La consigliera regionale presenta un’interrogazione e rilancia le preoccupazioni dei lavoratori per la riorganizzazione della sosta prevista dal Comune.
Garantire
un numero adeguato di posti auto ai dipendenti della Casa della Comunità di
Casalecchio di Reno, nel territorio della Città metropolitana di Bologna.
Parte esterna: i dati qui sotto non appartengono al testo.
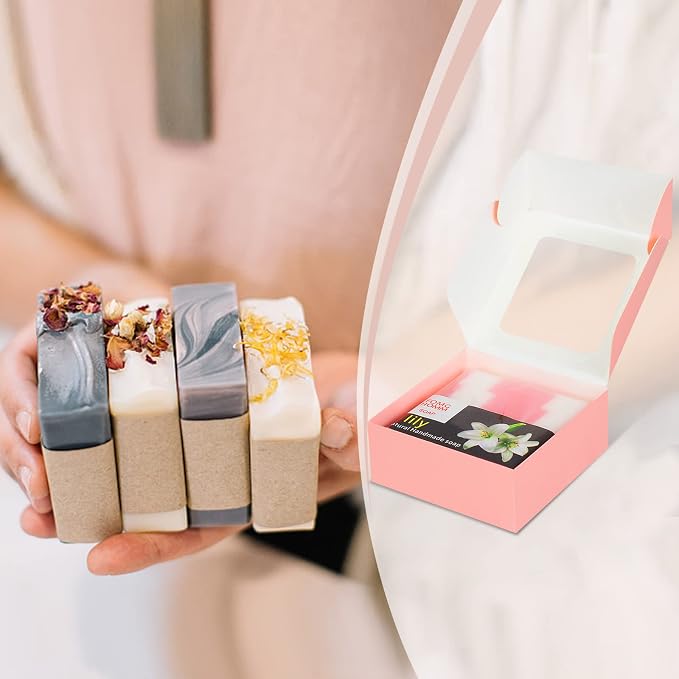 COTOPHER Soap Box, 30Pcs Small Soap Packaging Boxes 2.8x2.8x1.2 Inch Mini Kraft Boxes with Window Soap Boxes for Homemade Soap Candy Chocolate Bakery Cookies Soap Packaging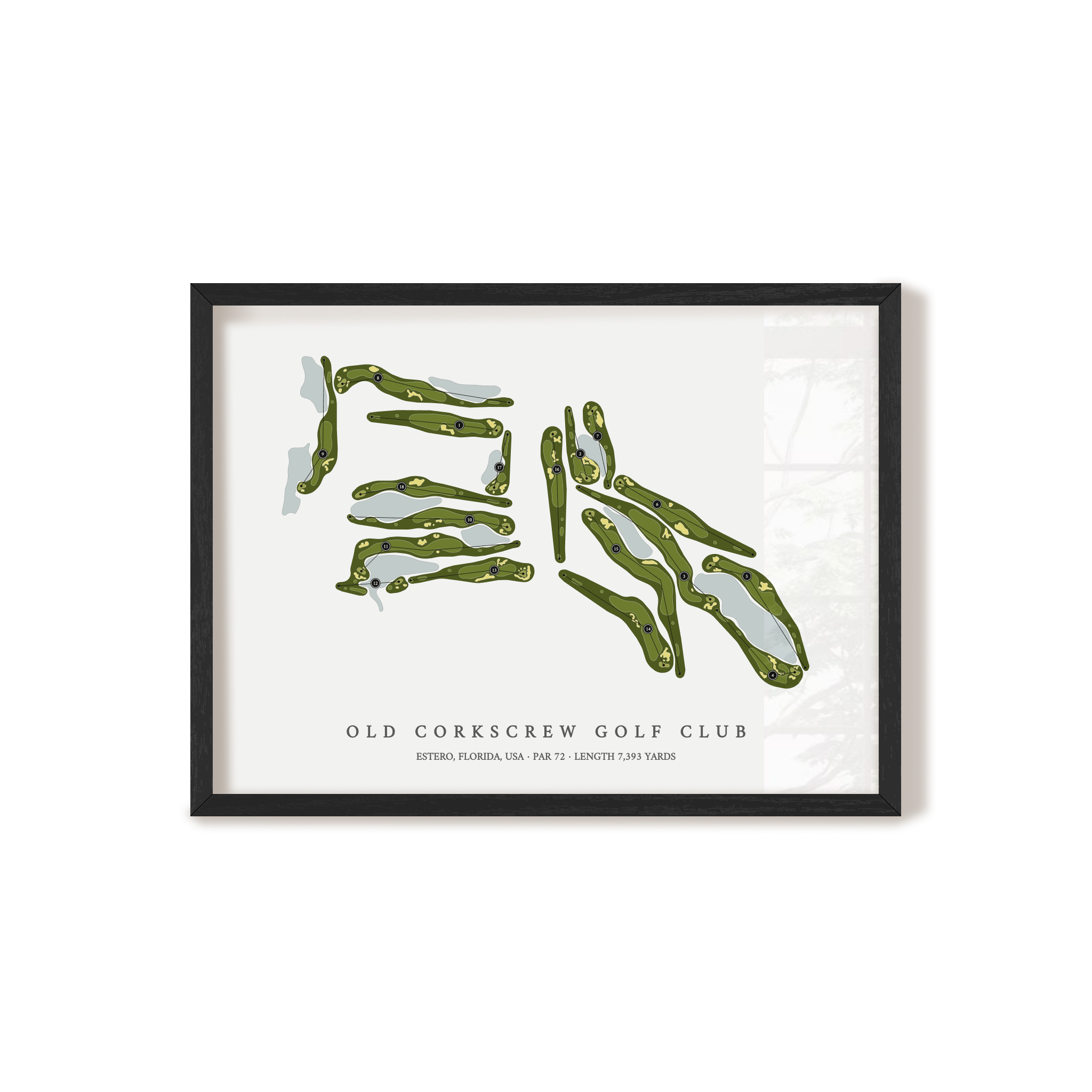 Old Corkscrew Golf Club | Golf Course Map | Black Frame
È
quanto chiede la consigliera regionale di Fratelli d’Italia, Marta Evangelisti,
con un’interrogazione rivolta alla Giunta regionale.
Nel
documento, Evangelisti richiama le segnalazioni ricevute dal personale
sanitario e dalle organizzazioni sindacali. «Secondo quanto mi è stato riferito
– spiega la consigliera – il 15 giugno scorso si è svolta un’assemblea tra i
dipendenti della Casa della Comunità di Casalecchio di Reno e le organizzazioni
sindacali CISL FP e SAS AUSL Bologna, dedicata alla riorganizzazione della
sosta nell’area adiacente alla struttura sanitaria, promossa
dall’amministrazione comunale».
Al
centro delle preoccupazioni vi sarebbe l’ipotesi di trasformare gli attuali
parcheggi gratuiti in parcheggi a pagamento, senza una distinzione tra utenti e
personale dipendente della struttura. «L’ipotesi attualmente al vaglio –
sottolinea Evangelisti – prevederebbe 144 posti a pagamento e soltanto 15 posti
gratuiti».
Da
qui la richiesta alla Regione di chiarire se l’eventuale introduzione della
sosta a pagamento possa avere ripercussioni negative sull’organizzazione del
lavoro e sulle condizioni dei dipendenti della Casa della Comunità.
Attraverso
l’atto ispettivo, la consigliera di Fratelli d’Italia domanda inoltre quali
interlocuzioni siano già state avviate tra la Regione Emilia-Romagna, l’Azienda
USL di Bologna e il Comune di Casalecchio di Reno in merito alla
regolamentazione dei parcheggi nell’area della struttura sanitaria, con
l’obiettivo di garantire soluzioni adeguate sia per il personale sia per
l’utenza.
(Luca Molinari)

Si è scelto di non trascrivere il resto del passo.